Resistance

Resistance

Too much resistance can be frustrating and counterproductive, but too little can also be just as bad.

Written By

DanVisconti

It’s only a few days into the Spring semester and the American Academy is in full swing again. I’ve managed to keep the same corner apartment, but pretty much everything else around me is in flux. As one of the only two fellows to have snagged full-year residencies, I’m interested to see what changes the new class brings. Unlike the ongoing, variable-length residency programs offered by artist colonies such as MacDowell and Yaddo, each class of Academy fellows begins and ends the residency as a unit in accordance with the academic calendar. As a result, each semester’s small and static pool of fellows has a significant impact on the program itself, and each individual seems to develop a particular role in the group–which is less likely to happen when people are arriving and leaving every week.

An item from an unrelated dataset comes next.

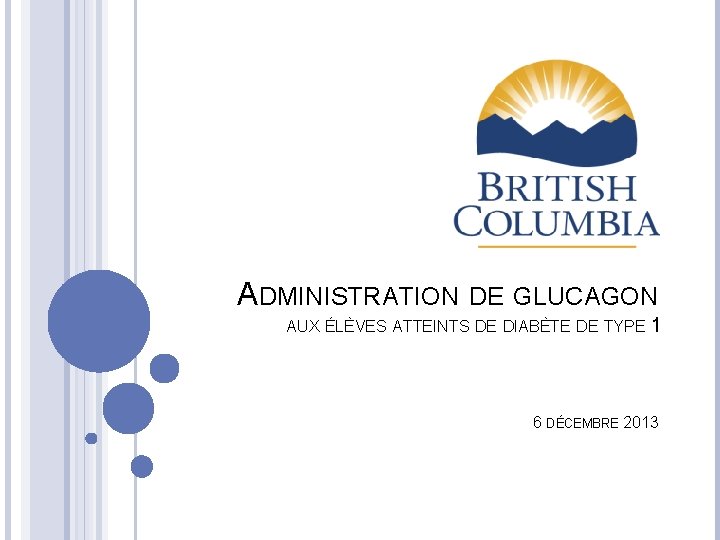 ADMINISTRATION DE GLUCAGON AUX ÉLÈVES ATTEINTS DE DIABÈTE DE TYPE 1 6 DÉCEMBRE 2013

While I expect it will take some time for our new group to get comfortable with itself, I’m fortunate that my own work plan will by necessity hit the ground running from the get-go. In May I’ll be in the Philharmoniker Kammermusiksaal, working to record eight of my own pieces–two of them being commissioned works I’ve yet to finish! Talk about motivation. My Fall semester was busy enough, but now the heat is on. It gets me more than a little stressed on occasion, but having such an exciting long-term goal also keeps me from wallowing in too much unproductive soul-searching and provides some much-needed resistance.

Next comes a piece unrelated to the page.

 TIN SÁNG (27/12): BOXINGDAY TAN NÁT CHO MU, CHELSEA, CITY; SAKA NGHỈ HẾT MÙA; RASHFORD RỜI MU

What is resistance? Something to push against, something that challenges us to align our seething, disparate passions in service of a singular effort. Too much resistance can be frustrating and counterproductive, but too little can also be just as bad. This semester, I’m hoping that I’m up against the right amount of resistance, just enough to hit that sweet spot.

In music composition as in life, I find it useful to think about resistance, too. A piece of music may proceed against very little resistance, seemingly of its own accord; many early works by La Monte Young and other proto-minimalists certainly proceed in this direction, creating a sound world that feels more or less untouched by human hands. On the other extreme, it would be difficult (if not outright impossible) to imagine Mahler’s symphonies without that same element of resistance. It’s resistance that really makes the journey between A and B interesting–and it’s our choice of obstacles that colors this journey. And perhaps it’s Mahler’s handling of resistance that makes his symphonies so different from their 19th-century counterparts.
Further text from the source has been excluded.